┌────────
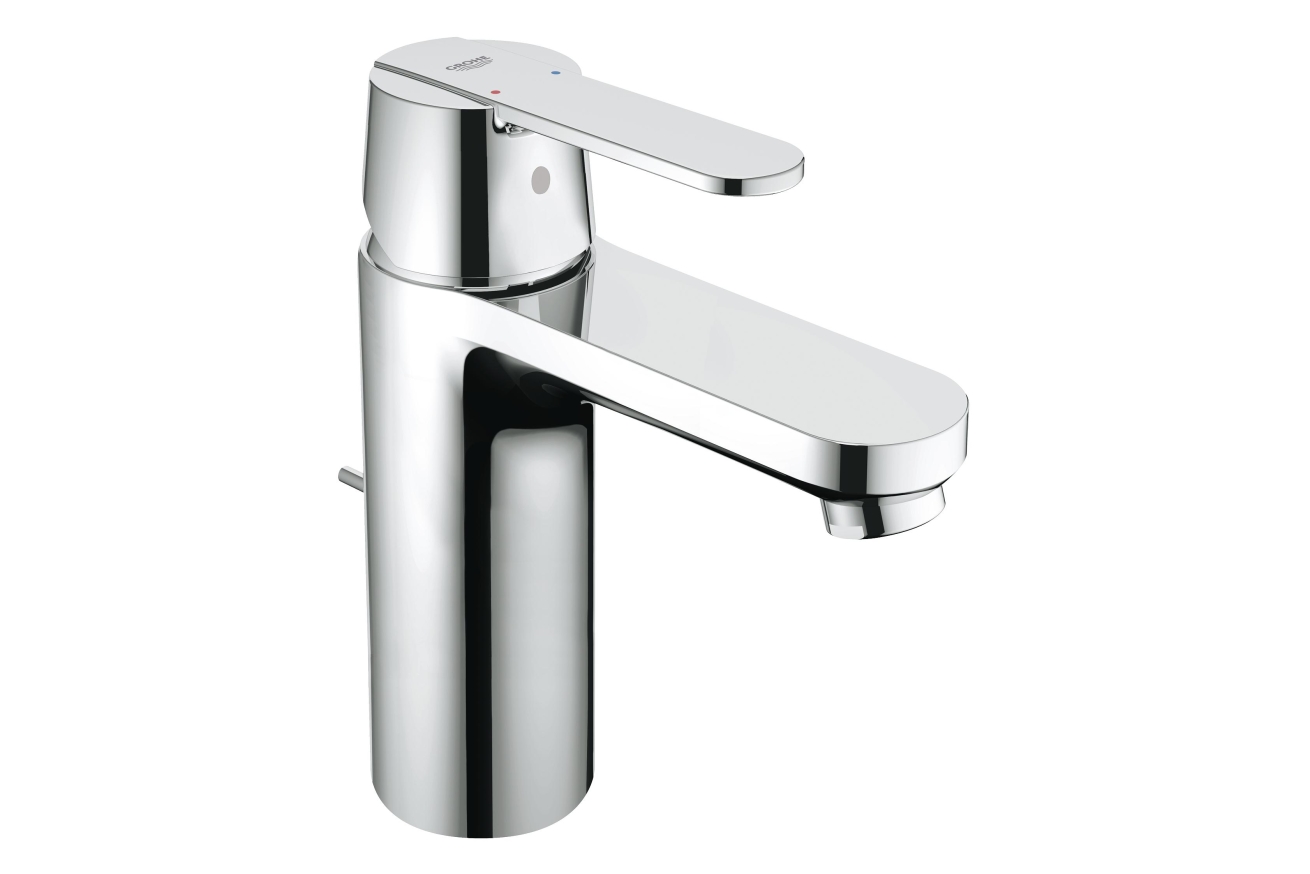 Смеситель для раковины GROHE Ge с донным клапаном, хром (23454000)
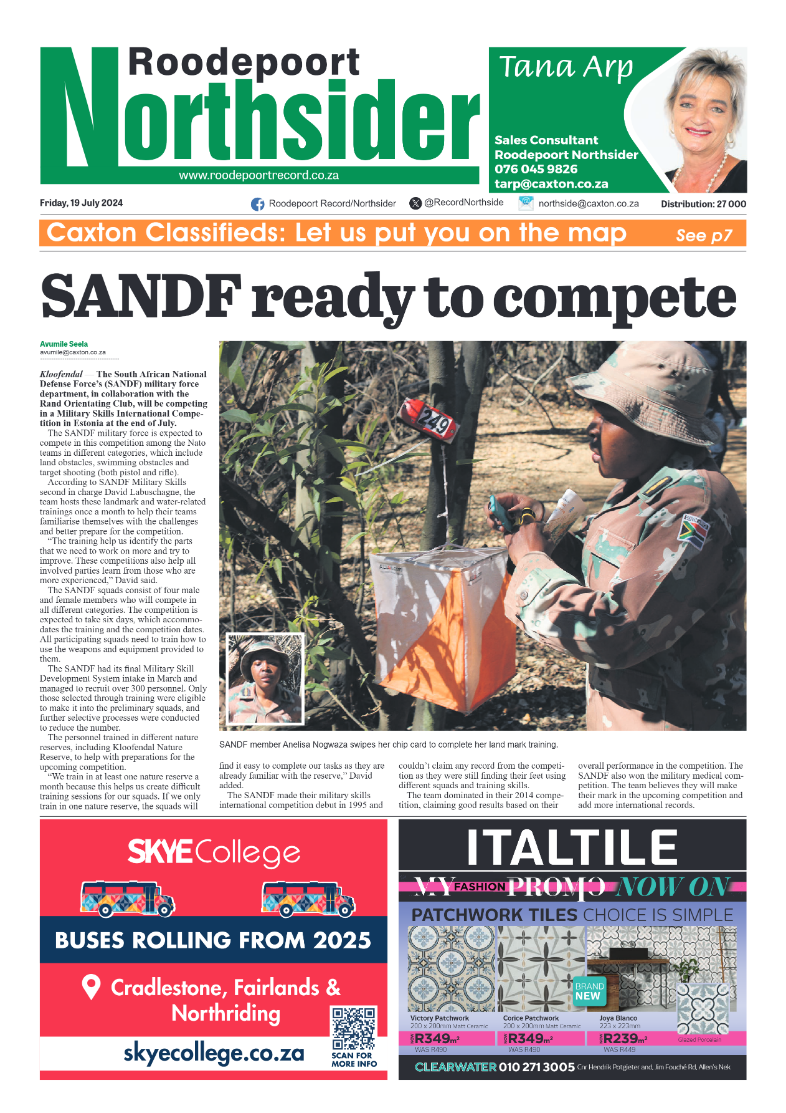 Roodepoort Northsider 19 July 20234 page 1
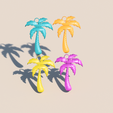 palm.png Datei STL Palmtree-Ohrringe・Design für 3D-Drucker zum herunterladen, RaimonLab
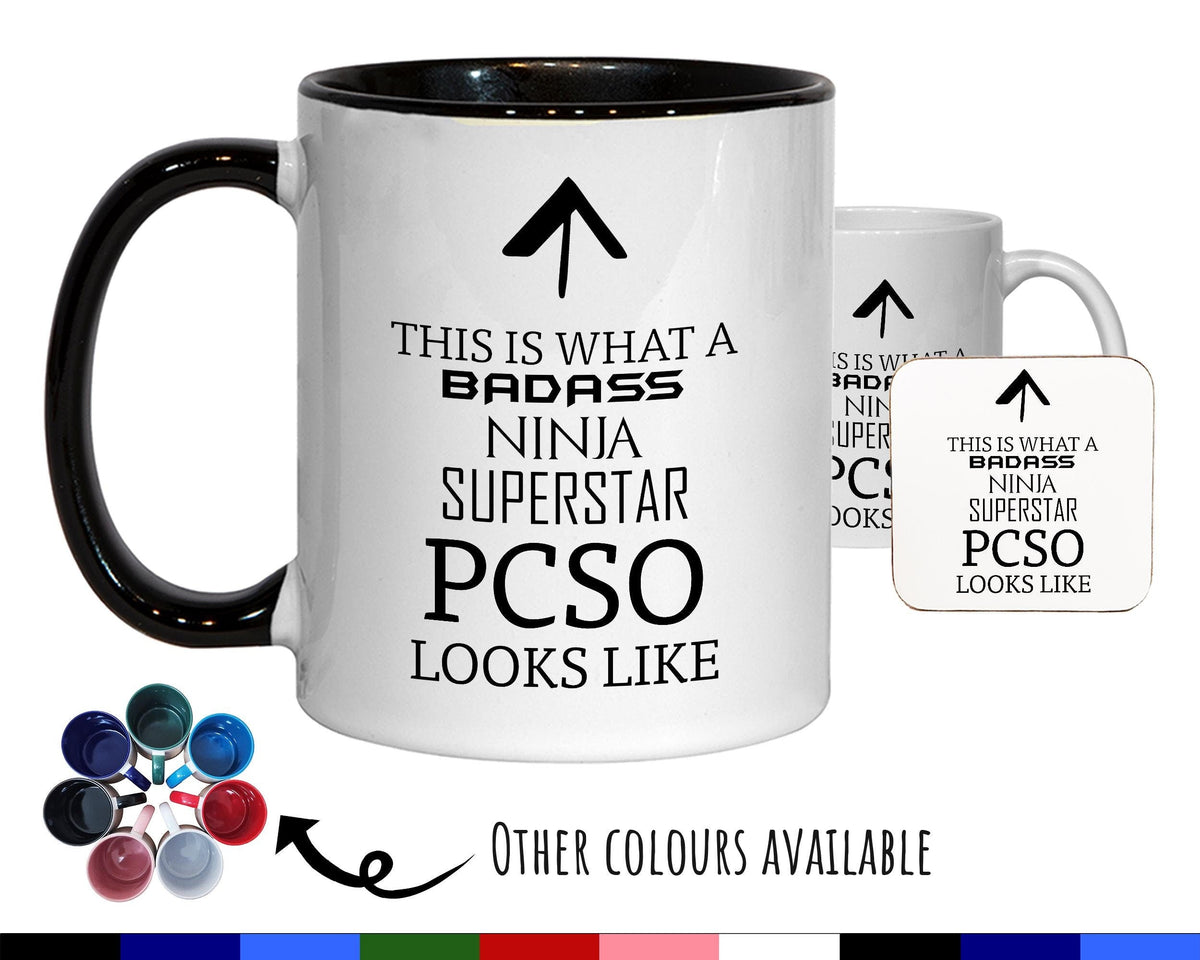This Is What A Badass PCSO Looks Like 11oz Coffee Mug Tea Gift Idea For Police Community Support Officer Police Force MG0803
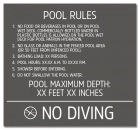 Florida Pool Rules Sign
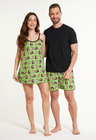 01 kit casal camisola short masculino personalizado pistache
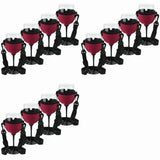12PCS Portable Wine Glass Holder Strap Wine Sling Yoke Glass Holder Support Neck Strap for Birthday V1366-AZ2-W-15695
└────────
=== WORK ITEM ===
Quote precisely the lines of the data from the line containing "Florida Pool Rules Sign" through its final line, both included, excluding pictures.

=== SOLUTION TO THE PROBLEM ===
 Florida Pool Rules Sign
 01 kit casal camisola short masculino personalizado pistache
12PCS Portable Wine Glass Holder Strap Wine Sling Yoke Glass Holder Support Neck Strap for Birthday V1366-AZ2-W-15695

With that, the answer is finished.